◆ Problem: Once the line containing "Cannabis Lion Weed, Tricou" is found in the entries below, reproduce it and every line after it, stopping at and including the line containing "Bouteilles Isothermes Fête"; reproduce nothing else, and keep each line exact.

◆ Input material:

☆ ☆ ☆ ☆

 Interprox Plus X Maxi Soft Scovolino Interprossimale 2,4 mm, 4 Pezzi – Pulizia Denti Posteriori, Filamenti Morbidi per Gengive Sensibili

☆ ☆ ☆ ☆

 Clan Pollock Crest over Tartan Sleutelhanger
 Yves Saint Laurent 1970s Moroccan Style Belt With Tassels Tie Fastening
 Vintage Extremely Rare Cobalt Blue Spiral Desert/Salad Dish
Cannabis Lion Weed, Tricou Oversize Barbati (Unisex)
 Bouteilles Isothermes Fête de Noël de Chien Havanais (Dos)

☆ ☆ ☆ ☆

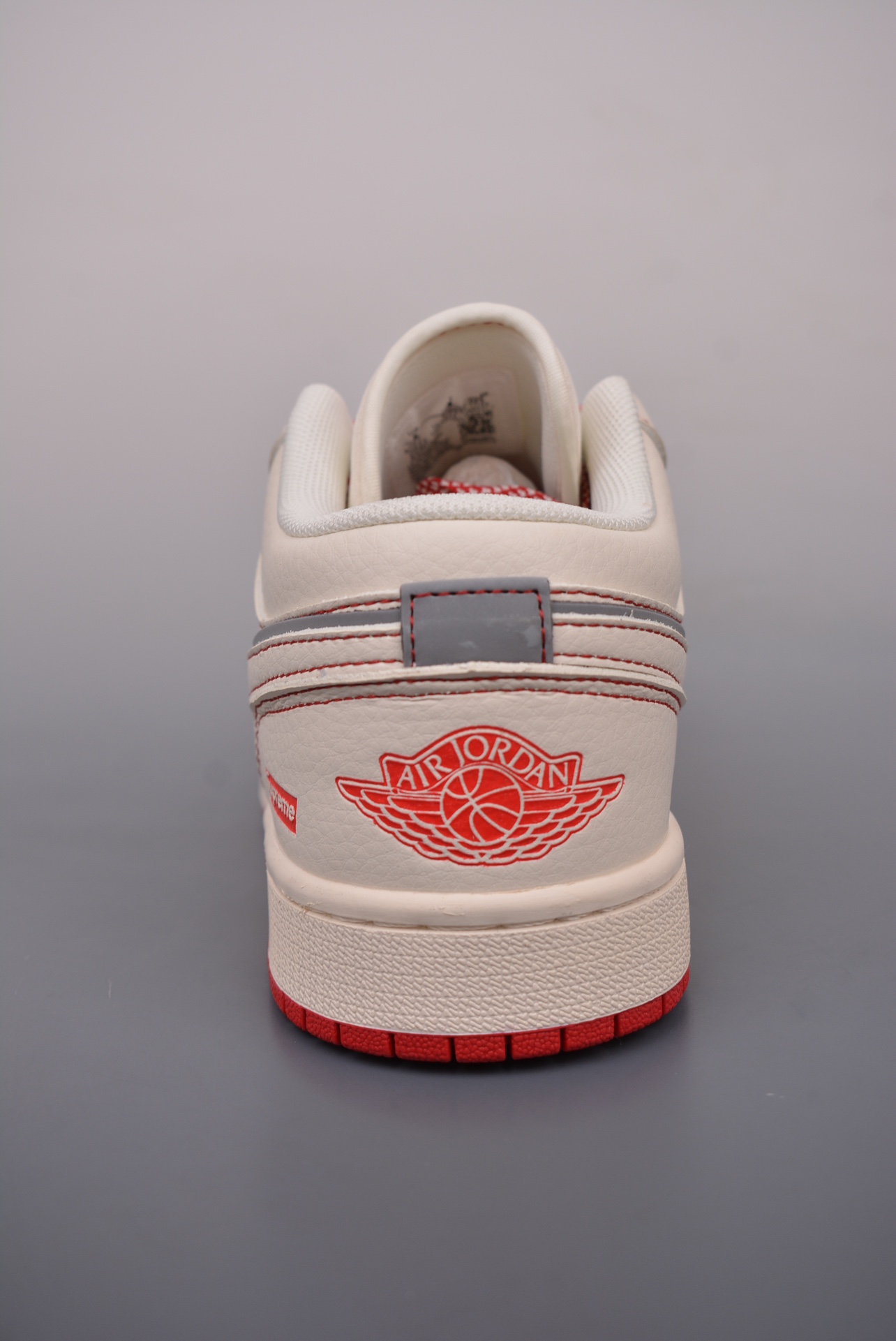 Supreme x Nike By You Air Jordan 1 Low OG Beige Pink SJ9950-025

☆ ☆ ☆ ☆

◆ Written answer:
Cannabis Lion Weed, Tricou Oversize Barbati (Unisex)
 Bouteilles Isothermes Fête de Noël de Chien Havanais (Dos)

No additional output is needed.